Namun, ia juga melihat sisi positifnya sebagai kritik moderat terhadap konsumerisme dan langkah awal menuju gaya hidup yang lebih ramah lingkungan.

Sebaliknya, pendukung kampanye ini merasa optimis. Bagi banyak peserta, tantangan ini bukan hanya soal hemat uang, tetapi juga langkah introspektif untuk melepaskan diri dari kecanduan konsumsi. 

Seperti yang dialami oleh Cynthia, perjalanan dari seorang shopaholic menjadi minimalis mengubah cara pandangnya terhadap hidup dan kebahagiaan.
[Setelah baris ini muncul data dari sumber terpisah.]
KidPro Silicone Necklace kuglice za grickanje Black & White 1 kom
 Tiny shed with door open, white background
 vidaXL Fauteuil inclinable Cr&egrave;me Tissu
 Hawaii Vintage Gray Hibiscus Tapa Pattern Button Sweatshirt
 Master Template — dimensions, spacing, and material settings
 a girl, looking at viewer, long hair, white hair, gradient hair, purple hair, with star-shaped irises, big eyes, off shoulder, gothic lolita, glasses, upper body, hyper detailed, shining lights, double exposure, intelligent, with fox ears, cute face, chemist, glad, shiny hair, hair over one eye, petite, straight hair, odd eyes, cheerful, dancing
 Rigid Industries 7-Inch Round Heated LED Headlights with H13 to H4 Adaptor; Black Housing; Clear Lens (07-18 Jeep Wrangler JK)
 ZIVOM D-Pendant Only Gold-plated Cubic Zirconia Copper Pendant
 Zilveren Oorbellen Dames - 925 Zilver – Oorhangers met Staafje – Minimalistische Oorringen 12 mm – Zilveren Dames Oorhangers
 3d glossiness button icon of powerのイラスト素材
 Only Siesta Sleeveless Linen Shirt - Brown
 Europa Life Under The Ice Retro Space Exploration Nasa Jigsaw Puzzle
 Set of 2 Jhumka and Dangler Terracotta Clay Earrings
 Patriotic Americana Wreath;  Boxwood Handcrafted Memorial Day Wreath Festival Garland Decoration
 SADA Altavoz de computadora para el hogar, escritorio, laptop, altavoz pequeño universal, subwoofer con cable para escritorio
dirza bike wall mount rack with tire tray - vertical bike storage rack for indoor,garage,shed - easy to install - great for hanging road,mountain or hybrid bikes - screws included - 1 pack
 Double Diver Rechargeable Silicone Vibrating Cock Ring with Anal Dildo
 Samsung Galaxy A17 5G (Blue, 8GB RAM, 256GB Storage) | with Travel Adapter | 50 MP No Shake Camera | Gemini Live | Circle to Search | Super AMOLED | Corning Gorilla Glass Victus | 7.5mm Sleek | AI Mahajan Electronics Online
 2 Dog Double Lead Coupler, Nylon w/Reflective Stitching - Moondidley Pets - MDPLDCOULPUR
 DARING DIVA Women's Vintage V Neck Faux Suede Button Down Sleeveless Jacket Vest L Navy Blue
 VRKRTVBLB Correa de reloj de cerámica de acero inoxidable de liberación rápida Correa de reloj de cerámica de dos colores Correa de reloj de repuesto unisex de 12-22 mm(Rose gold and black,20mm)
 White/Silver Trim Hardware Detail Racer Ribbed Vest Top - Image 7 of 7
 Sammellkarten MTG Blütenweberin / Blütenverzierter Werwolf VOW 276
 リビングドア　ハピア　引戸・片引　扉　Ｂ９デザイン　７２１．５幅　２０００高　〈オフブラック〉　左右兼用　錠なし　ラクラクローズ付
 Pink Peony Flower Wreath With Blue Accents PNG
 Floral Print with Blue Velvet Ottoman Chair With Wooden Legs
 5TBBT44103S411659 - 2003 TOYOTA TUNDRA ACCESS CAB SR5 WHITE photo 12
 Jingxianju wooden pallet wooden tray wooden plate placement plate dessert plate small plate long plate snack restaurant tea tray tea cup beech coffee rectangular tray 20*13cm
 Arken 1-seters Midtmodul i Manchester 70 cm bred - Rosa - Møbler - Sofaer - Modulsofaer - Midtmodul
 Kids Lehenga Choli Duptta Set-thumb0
Kini, ia hidup dengan prinsip “beli karena perlu, bukan karena ingin.”

Filosofi di Balik Gerakan

Akar dari gerakan minimalisme modern dapat ditelusuri hingga filosofi "Less is More" oleh arsitek asal Jerman, Ludwig Mies van der Rohe pada 1960-an. 

Ia merangkum inti dari minimalisme dalam desain dan arsitektur dengan menekankan prinsip filosofis bahwa kesederhanaan dan pengendalian diri sering kali mampu menghasilkan dampak yang jauh lebih besar dibandingkan dengan ornamen atau kerumitan yang berlebihan.

Dalam satu dekade terakhir, konsep ini diperkuat oleh gagasan Marie Kondo—konsultan penata barang melalui metode Con Marie yang mengajarkan pentingnya menyimpan barang-barang yang benar-benar membawa kebahagiaan. 

Gaya hidup minimalis tak hanya mengurangi barang fisik, tetapi juga membantu menyederhanakan pikiran dan meningkatkan kualitas hidup.

Tahun Baru, Pola Pikir Baru

Sebagai langkah awal di tahun baru, “No Buy Challenge” memberikan ruang bagi masyarakat untuk merefleksikan gaya hidup mereka. Dengan latar belakang ketidakpastian ekonomi 2025, kampanye ini bukan hanya tentang penghematan, tetapi juga perlawanan terhadap budaya konsumerisme yang merusak.